Pauline Marois Pauline Marois

La première ministre du Québec Pauline Marois a réagi vendredi matin à la démission en bloc de l'exécutif du Parti Québécois dans la circonscription de Maskinongé.

Pauline Marois s'est dite déçue et affirme que des discussions ont eu lieu pour tenter de convaincre les membres de l'exécutif de changer d'idée.

Interrogée lors du caucus du Parti Québécois, la première ministre maintient que des gens de l'exécutif du parti sont en contact avec les militants de la circonscription de Maskinongé.

« C'est toujours dommage quand des militants décident d'être moins actifs, de se retirer.
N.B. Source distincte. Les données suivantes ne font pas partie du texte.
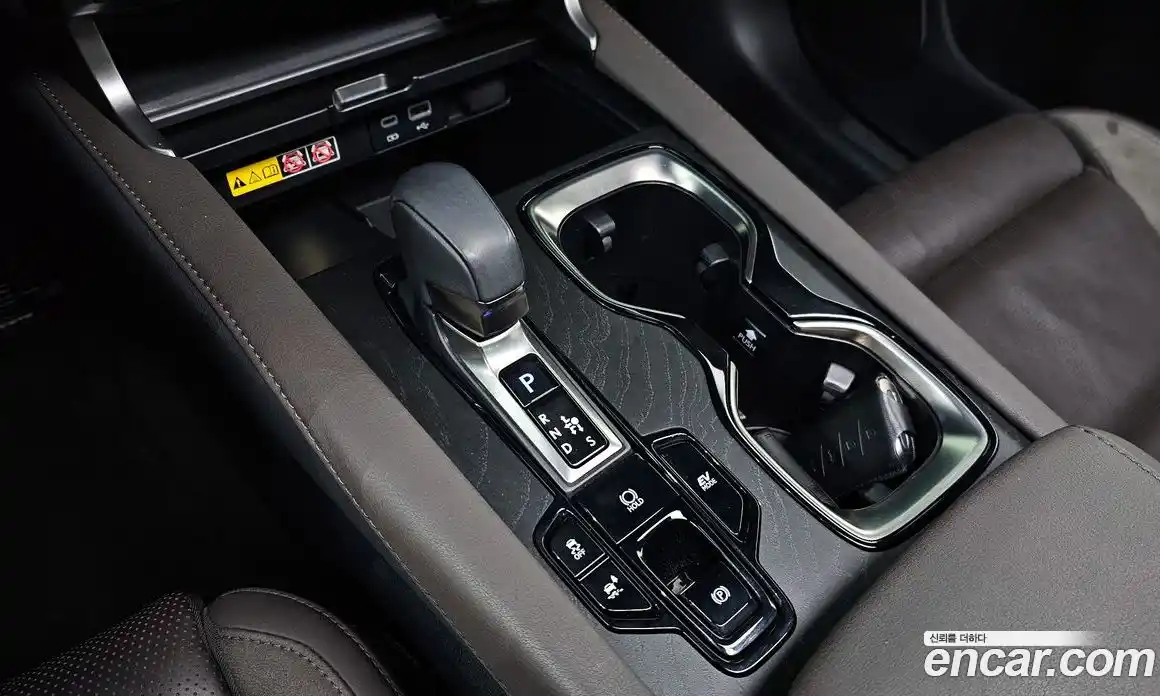 Lexus RX 2023 2.5 Автомат в Москве № 499628, фото 9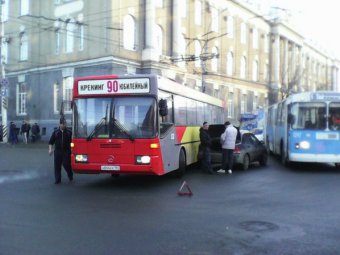 В центре Саратова автобус столкнулся с иномаркой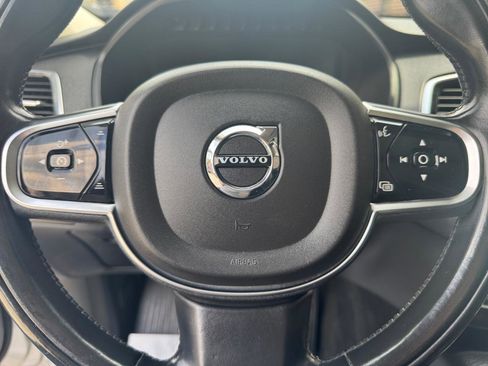 Used 2016 Volvo XC90 T6 Momentum w/ Momentum Plus Package image 17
Mais en même temps, la circonscription de Maskinongé n'est pas dénuée de ressources, on y a plusieurs membres qui vont prendre la relève. » — Pauline Marois, première ministre du Québec

Pauline Marois a confirmé qu'elle avait lu la lettre rédigée par les démissionnaires de la circonscription de Maskinongé. Elle les invite à continuer à militer pour la souveraineté.

Le ministre responsable de la Mauricie et du Centre-du-Québec, Yves-François Blanchet, s'est lui aussi dit déçu de la situation.

« Chaque fois que des militants quittent un exécutif, sont moins engagés, c'est une réaction de déception, de tristesse. Mais je veux parler aux gens de la région avant de commenter sur les motifs. » — Yves-François Blanchet, ministre responsable de la Mauricie et du Centre-du-Québec

Démissions en bloc

Sept des onze membres de l'exécutif du Parti Québécois dans la circonscription de Maskinongé, en Mauricie, ont remis leur démission. Cinq d'entre eux ont démissionné cette semaine. Deux personnes ont quitté leurs fonctions pour des raisons personnelles.

Ils ont envoyé une lettre aux membres du Parti Québecois de leur circonscription.

Les démissionnaires se disent découragés par le résultat des dernières élections provinciales et par les premiers mois du gouvernement formé par leur parti. Ils déplorent aussi le fait que le PQ ne parvienne plus à rassembler les forces souverainistes comme autrefois.

Dans leur lettre, les anciens membres de l'exécutif dans Maskinongé se disent désenchantés depuis l'entrée au pouvoir de Pauline Marois. Ils mentionnent entre autres la saga de la nomination d'un ministre responsable de la région.